SANTAL EXOTIC de the Exotic Island Perfumer, 2013, créé par Juan Perez, Boisé Oriental.
Un bouquet d’huiles essentielles de santal de Mysore, Nouvelle Calédonie et Hawaï en notes de fond pour une fragrance à la fois laiteuse et épicée résolument orientale.
SANTAL ROYAL de Guerlain, 2015. Oriental.
Avec cette fragrance aux accords orientaux boisés (santal et oud), sur des notes fruitées et fleuries, Guerlain magnifie le santal qui nous fait voyager dans les pays chauds.
Thierry Wasser, parfumeur maison, a puisé son inspiration au cœur de l’Orient en construisant sa composition autour de cette matière première précieuse.
Parmi les créateurs de parfums de niche, Serge Lutens a montré un intérêt particulier pour ce bois aromatique qu’est le santal avec trois fragrances signées Christopher Sheldrake, célèbre créateur parfumeur britannique né à Madras :
– SANTAL de MYSORE en 1991, Boisé, une eau de parfum mixte qui donne à sentir un santal à la fois lacté et épicé, opulent et gourmand.
– SANTAL BLANC, 2001, Chypre boisé, un accord bois et épices pour une fragrance très intense et multi-facette. « Un cristal poivré qui tient tête. On le retient. » dit Serge Lutens.
– SANTAL MAJUSCULE en 2012, Oriental Boisé, le bois gourmand chaleureux et enveloppant, une eau de parfum mixte avec rose et santal en notes de cœur.
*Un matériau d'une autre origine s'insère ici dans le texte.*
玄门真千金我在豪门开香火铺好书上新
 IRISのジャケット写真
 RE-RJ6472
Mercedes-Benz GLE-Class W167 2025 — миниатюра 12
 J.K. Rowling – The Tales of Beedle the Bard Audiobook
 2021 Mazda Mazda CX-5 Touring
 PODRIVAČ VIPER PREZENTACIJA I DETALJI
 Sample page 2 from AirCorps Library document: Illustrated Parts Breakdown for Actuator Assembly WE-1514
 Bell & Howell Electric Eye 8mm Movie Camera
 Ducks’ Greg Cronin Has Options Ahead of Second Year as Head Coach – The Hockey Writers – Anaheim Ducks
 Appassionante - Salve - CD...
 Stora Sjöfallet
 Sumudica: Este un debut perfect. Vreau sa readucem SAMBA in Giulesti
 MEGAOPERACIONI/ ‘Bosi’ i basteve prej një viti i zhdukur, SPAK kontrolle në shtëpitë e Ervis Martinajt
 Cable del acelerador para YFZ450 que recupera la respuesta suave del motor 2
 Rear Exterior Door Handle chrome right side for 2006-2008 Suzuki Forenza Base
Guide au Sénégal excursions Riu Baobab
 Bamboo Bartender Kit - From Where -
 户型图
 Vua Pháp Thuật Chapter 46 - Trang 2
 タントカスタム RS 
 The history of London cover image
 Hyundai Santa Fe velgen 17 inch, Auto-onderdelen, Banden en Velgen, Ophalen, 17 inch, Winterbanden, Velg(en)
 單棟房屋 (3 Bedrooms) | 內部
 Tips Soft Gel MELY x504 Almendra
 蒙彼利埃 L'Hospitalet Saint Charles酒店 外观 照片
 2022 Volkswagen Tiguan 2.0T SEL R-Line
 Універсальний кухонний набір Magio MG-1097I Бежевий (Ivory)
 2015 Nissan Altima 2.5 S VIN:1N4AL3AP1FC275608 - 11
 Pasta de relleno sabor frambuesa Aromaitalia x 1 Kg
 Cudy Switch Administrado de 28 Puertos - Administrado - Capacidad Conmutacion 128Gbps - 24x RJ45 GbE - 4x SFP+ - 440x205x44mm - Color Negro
SACREBLEU INTENSE, 2008, de Patricia de Nicolaï, Oriental Epicé Une eau de parfum résolument féminine composée de notes de tête fruitées sur un accord floral d’œillet et de jasmin enrichi par un fond de santal, fève tonka et benjoin pour créer une fragrance orientale très originale.
Cité depuis l’Antiquité dans la littérature indienne, le santal, offrant une fragrance chaude et boisée, est considéré comme un arbre sacré, un don des dieux. Dans les textes mythologiques, le santal était gardé par des serpents dont le venin mortel avait pour antidote la fragrance de l’arbre. La symbolique spirituelle liée à la qualité olfactive de ce bois aromatique a donné naissance à un proverbe indien que retiendra l’amateur de parfums :
«L’homme vertueux doit imiter l’arbre de santal qui, lorsqu’on l’abat, parfume la hache qui le frappe ».